The recalling of a witness for additional cross-examination is ordinarily within the sound discretion of the trial court even when the witness is still in attendance. Belanger v. Alton Box Board Co., 180 F.2d 87 (7th Cir. 1950). Counsel indicated in his offer of proof the matters on which he desired to further cross-examine Steinberg had the latter then been present. These matters were not material nor relevant to the issues in the case. But in any event, we find no error in the action of the trial court. Soares’ admitted right to cross-examine Steinberg was not abridged by the trial court, which specifically advised counsel that he could cross-examine at length, but that it wasn’t going to be strung out through the entire trial. See in this regard Batsell v. United States, 403 F.2d 395 (8th Cir. 1968), cert. denied, 393 U.S. 1094, 89 S.Ct. 865, 21 L.Ed.2d 785.

IV.

Error is also claimed on the fact that several witnesses testified using business records for which counsel says there was no proper' foundation. No objection on this ground was made in the trial court.
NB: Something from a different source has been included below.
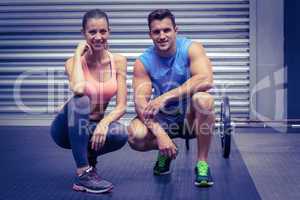 Muscular couple looking at the camera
In any event, there was no error in allowing, for example, the auditor of a Los Angeles hotel who had custody of the books and records of the hotel to testify concerning a registration card of the hotel.

Judgment affirmed.






Concurrence Opinion

LEWIS, Chief Judge

(concurring).

I concur but in so doing wish to recognize subjectively the prejudice inherent in the act of informing a jury that a co-defendant has pleaded guilty and the lack of validity in the assumption that an instruction to draw no adverse inference from that fact realistically protects the defendant from all harm. Cf. Bru-ton v. United States, 391 U.S. 123, 88 S. Ct. 1620, 20 L.Ed.2d 476. However, I likewise recognize that the trial of a *435criminal case to a jury should not contain avoidable overtones of mystery and dissatisfaction as to their knowledge of all the facts. I would leave the matter within the discretion of the trial court in the first instance, negativing any judicial duty to comply with a simple prosecution pre-trial request to “keep the record straight” and imposing the duty to consider each case under its particular circumstances. When, as in Richards v. United States, supra, the pleading codefendant testifies in the main case and when, as in Wood v. United States, supra, pleas of guilty are entered after the trial is in progress, an explanation of the facts is clearly proper.

In the case at bar, the codefendant Lee was present during the trial and participated passively. Consequently I concur and agree, but with hesitancy, that the trial court did not abuse its discretion.